The cumbersome English term "payment for order flow" contains explosives.

Should the EU Commission prevail and ban the controversial remuneration practice of digitally operating brokers, they would be – at least partially – deprived of their business model.

In Brussels they have consumer protection in mind.

Meanwhile, digital investment platform Scalable Capital claims that Brussels officials are doing retail investors a disservice.

The Munich-based company cites its own study as proof.

"Payment for order flow" means in practice that brokers receive rebates from their trading partners when they cobble orders to them for settlement.

In return, they can charge their customers significantly lower fees than traditional banks.

What sounds like a win-win situation for everyone involved is nevertheless a thorn in the side of the EU Commission.

She fears that brokers will send orders to be processed where they get the highest rebates, rather than where private investors get the best price.

“Above all, I believe that this payment model is not consumer-friendly.

We can't leave it unregulated, that's very clear," said EU Financial Markets Commissioner Mairead McGuinness in an interview with the FAZ last November.

150 most traded financial instruments examined

That's not true, says the digital investment platform Scalable Capital, backing up its view with a six-month study.

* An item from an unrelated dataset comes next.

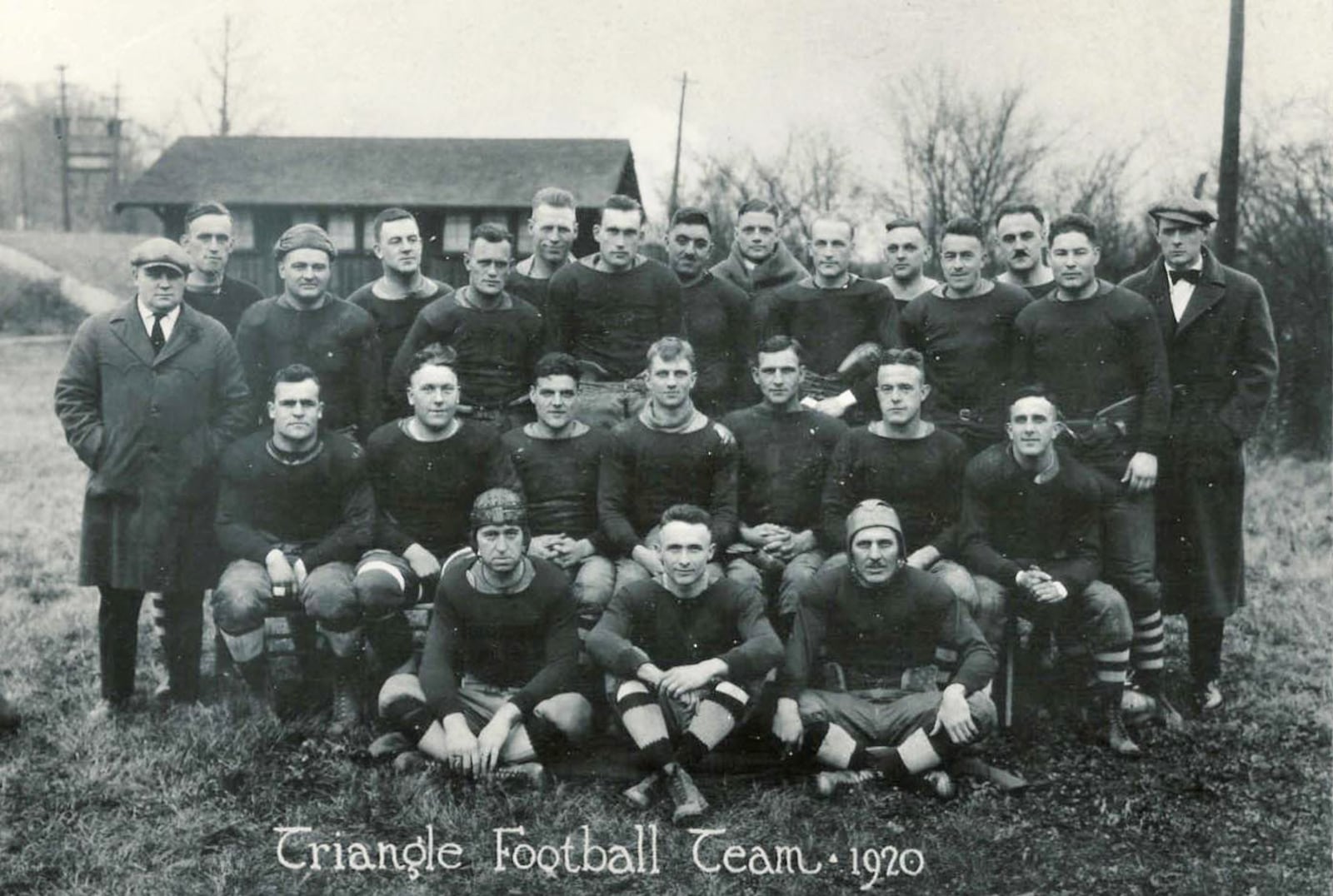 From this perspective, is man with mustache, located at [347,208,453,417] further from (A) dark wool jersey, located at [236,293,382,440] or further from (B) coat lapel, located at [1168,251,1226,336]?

It shows that private investors trade significantly more cheaply on so-called retail exchanges that are tailored to their needs than on institutional trading venues.

According to its own statements, Scalable Capital compared 3.7 million data points from two stock exchanges, Xetra and the Frankfurt Stock Exchange with its specialist trading, which is used primarily by institutional investors, with the Tradegate and Gettex stock exchanges, which specialize in private investors, a trading model of the stock exchange Munich.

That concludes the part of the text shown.